Salah satu kelemahan terbesarnya adalah ketidakcocokan sistem dari vendor yang bersaing. Semua pesawat ini memiliki avionik, sistem persenjataan, dan protokol komunikasi yang berbeda. Hal ini dapat menimbulkan “tantangan interoperabilitas yang serius”, yang akan menyulitkan pesawat tempur untuk mengomunikasikan data secara real-time, beroperasi dengan lancar dalam operasi gabungan, atau berkoordinasi dengan angkatan militer sekutu lainnya.

Misalnya, pelatihan silang pilot dan pengintegrasian senjata dari ekosistem Barat, Rusia, dan sekarang Cina akan sulit untuk dikoordinasikan. Selain itu, hal ini akan menjadi mimpi buruk logistik, sebagaimana dicatat oleh beberapa analis yang cermat.

Mempertahankan armada yang beragam membutuhkan beberapa rantai pasokan paralel, yang masing-masing disesuaikan untuk menggunakan suku cadang, peralatan, dan proses dari pemasok yang berbeda. Hal ini berpotensi mengakibatkan peningkatan upaya logistik untuk mencari dan membayar suku cadang serta “sistem perawatan yang tidak terstandarisasi”, yang justru akan meningkatkan tanggung jawab operasional.

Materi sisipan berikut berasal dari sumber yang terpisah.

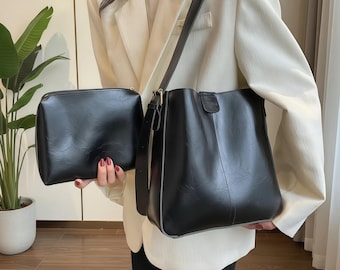 Women’s Retro Shoulder Tote Bag Set, Wide Strap Crossbody with Mini Coin Purse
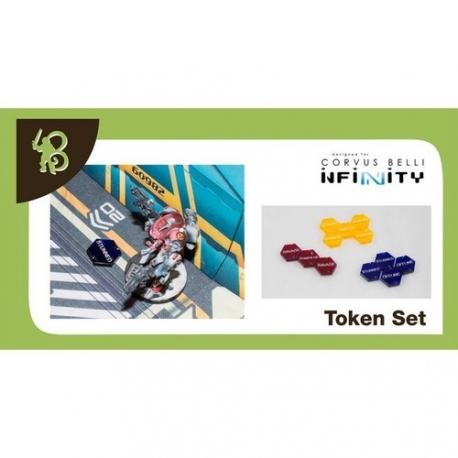 Human Sphere tokens, a set of 11 hexagonal tokens in 3 different colors with all new abilites and conditions.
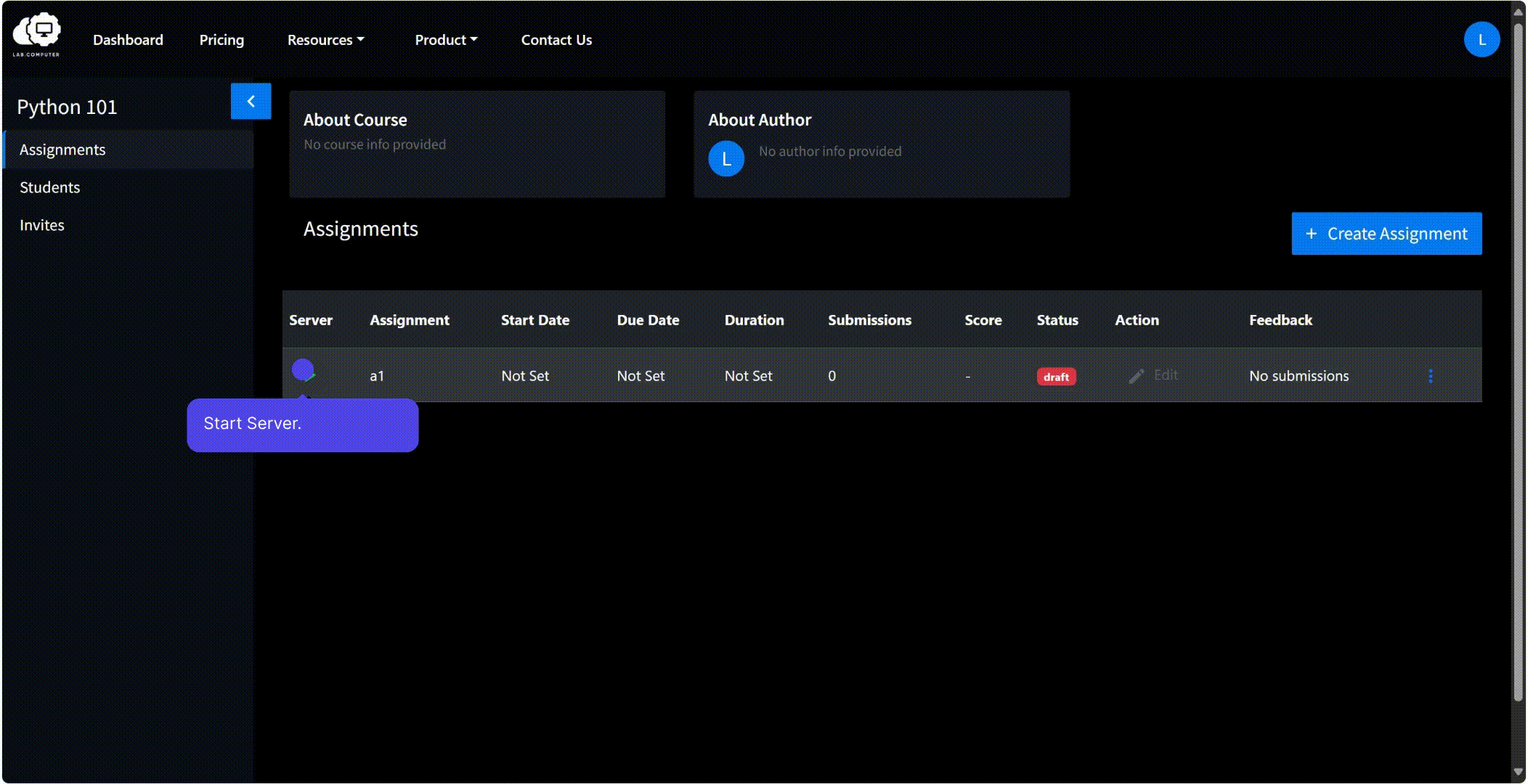 GIF: Adding Notebooks as Assignment Content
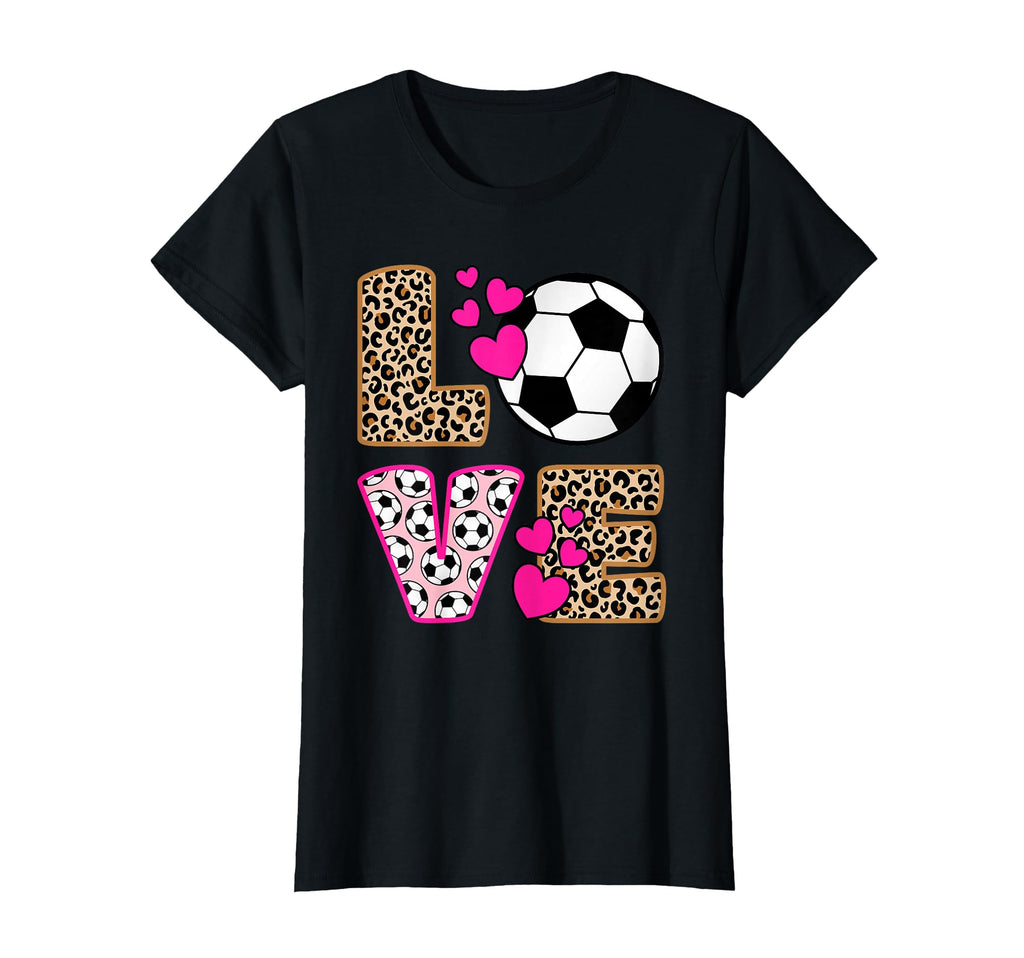 Love Soccer Leopard Soccer T-Shirt - Unique Graphic Men Women - T-Shirt, Sweatshirt, Hoodie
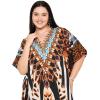 imageGypsie Blu Women Plus Size Kaftan Dress Evening Swimsuit Cover Up Beach Long Maxi Dresses VNeck Mumu for Summer CaftanBrown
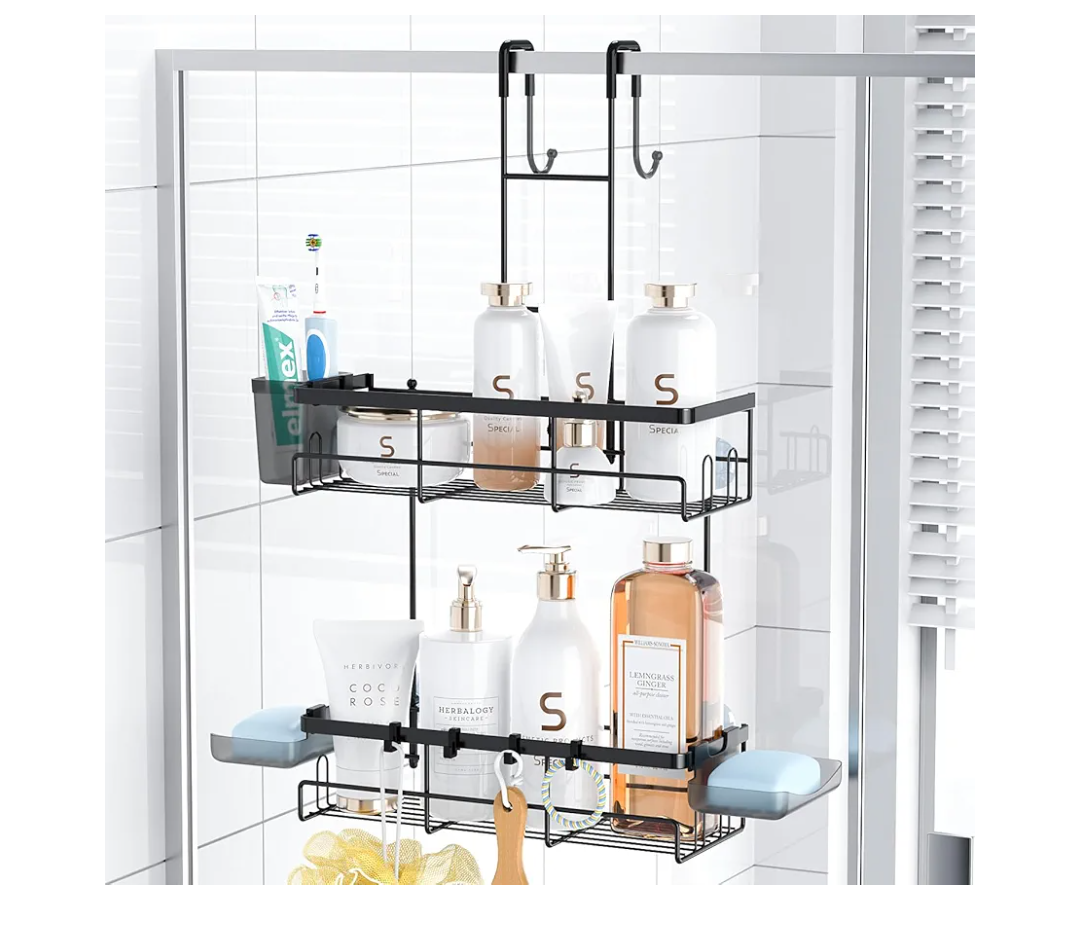 Over the Door Shower Caddy Hanging: Black Rustproof Shower Organizer over the Door - No Drilling Bathroom Rack for Inside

Selain logistik, dampak finansial secara keseluruhan juga kemungkinan besar akan substansial. Para ahli juga  meyakini bahwa pengadaan yang terfragmentasi ini menandakan kurangnya doktrin yang koheren dan pada akhirnya akan menghasilkan “pesan yang kontradiktif” kepada para mitra dan memperburuk hubungan dengan beberapa sekutu utama, seperti AS.

Jika Indonesia melanjutkan semua rencana pengadaannya, negara ini akan memiliki salah satu armada yang paling beragam secara operasional dan logistik di dunia, sebuah fleksibilitas yang menurut para ahli, datang dengan konsekuensi biaya dan risiko operasional yang sangat mahal.